Un RVP supplémentaire peut tout à fait être mis en place en plus des deux RVP minimum légaux, à l'initiative du moniteur, de l'élève ou de l'accompagnateur si le besoin s'en fait sentir.

Examen du permis de conduire[modifier | modifier le code]

Après l’obtention de l’ETG, les 20 heures de conduites et les 3 000 km en un an minimum de conduite accompagnée, l’élève pourra être présenté à l’épreuve classique du permis de conduire à partir de ses 18 ans (muni de son livret d'apprentissage dûment rempli).

L'épreuve est similaire à celle de la filière classique : un parcours varié en et hors agglomération d'une durée de 35 minutes, avec deux manœuvres dont une en marche arrière et deux questions sur les vérifications (intérieures et extérieures).

Le nouveau titulaire du permis de conduire devra observer une période probatoire de deux ans, contre trois ans pour un apprentissage « classique ». Les limitations de vitesses sont les mêmes que pour un permis probatoire classique, évoquées plus haut.

Disque A (magnétique)

Après l'obtention du permis de conduire, l'apprenti conducteur doit apposer un disque A sur l'arrière inférieure de la carrosserie gauche du véhicule pendant une durée de Trois ans.

Le capital de points de départ est de six points. Le reste des points est gagné progressivement en deux ans, soit trois points par an si aucune infraction au code de la route n’est commise, totalisant neuf points au bout d'un an et douze au bout de deux ans.

Si le jeune conducteur perd trois points en une seule fois, il doit alors faire un stage permis à points (stage PAP). L'acquisition progressive des points est annulée. La fin de période probatoire reste de deux ans à compter de l'obtention du permis (fin des limitations de vitesse et de l'apposition du A). L'apprenti conducteur doit passer deux ans sans infraction pour pouvoir bénéficier de son capital de douze points.

Avantages[modifier | modifier le code]

Le taux de réussite au permis de conduire est plus élevé chez les jeunes ayant fait la conduite accompagnée que chez ceux qui ne l'ont pas fait (70 % contre 60 %)[6]. Le prix du permis de conduire en conduite accompagnée est également nettement moins cher que le prix de la formation traditionnelle (1110 euros en moyenne pour la formation en AAC contre 1665 euros en formation traditionnelle)[7].

En cas d'échecs répétés, l'examen du code de la route reste valable trois ans ou cinq examens pratiques. Dans le cadre d'une transformation du dossier AAC en permis B classique (après un échec par exemple), le code reste valable (alors qu'il fallait le repasser pour changer de filière, jusqu'en décembre 2009)[3].

De plus, la durée du permis probatoire passe de trois à deux ans.

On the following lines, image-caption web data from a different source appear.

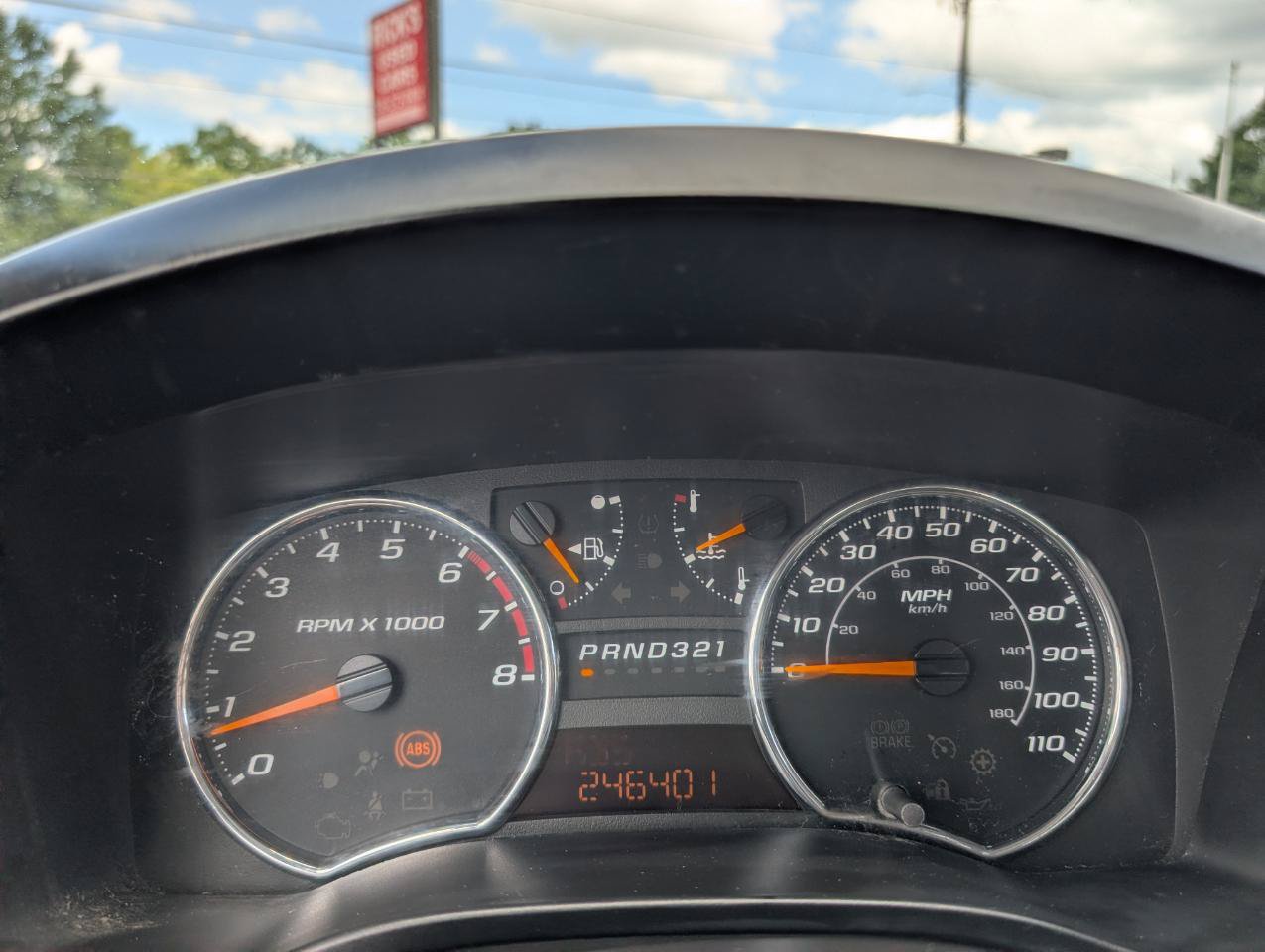 Used 2007 GMC Canyon SLE AWD/4WD image 14
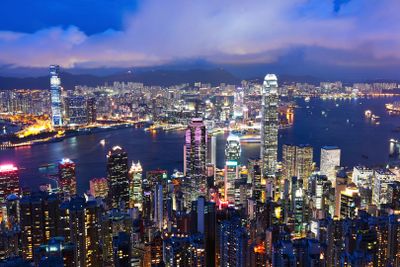 Kowloon: Heritage Meets Future Audio Tour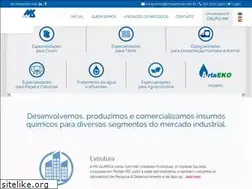 Sites similar to mkquimica.com.br
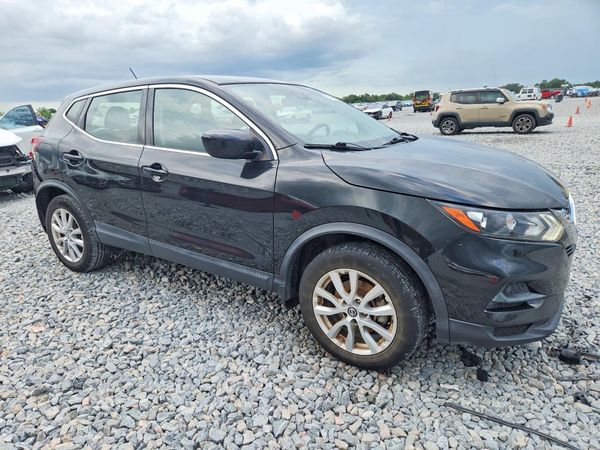 2021 NISSAN ROGUE SPORT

Il semblerait également que les jeunes conducteurs ayant profité du système de la conduite accompagnée aient moins d'accidents que les autres (risque divisé par 5[réf. souhaitée]). Les sociétés d'assurance leur proposent donc des tarifs plus bas. La surprime imposée aux jeunes conducteurs est souvent réduite de moitié la première année et disparaît la plupart du temps dès la deuxième année pour les bénéficiaires de la conduite accompagnée. Pourtant, d'après une étude statistique menée par une société d'assurance, la diminution du risque d'accident avoisinerait les 10 % [8].

Les parents qui font assurer leurs voitures pour leurs enfants (titulaires du permis) ne subissent aucune taxe supplémentaire. Le prix de l'assurance reste le même en conduite accompagnée.

Un avantage indirect de la conduite accompagnée est souvent évoqué : une révision du code de la route et un meilleur suivi des règles de conduite par les accompagnateurs.

Dans le reste du monde[modifier | modifier le code]

Au Canada, il est possible d'obtenir un permis d'apprenti conducteur permettant la conduite d'un véhicule de promenade sous la surveillance d'un individu ayant son permis de conduire depuis au moins 2 ans[9].

Aux États-Unis, un certain nombre d'États proposent un apprentissage anticipé de la conduite. Dans le Michigan par exemple, le programme Graduated Driver Licensing permet de conduire accompagné d'un adulte à partir de 14 ans et 9 mois[10].

En Allemagne il existe un apprentissage anticipé de la conduite nommé Begleitetes Fahren, qui permet de conduire accompagné à partir de 17 ans[11].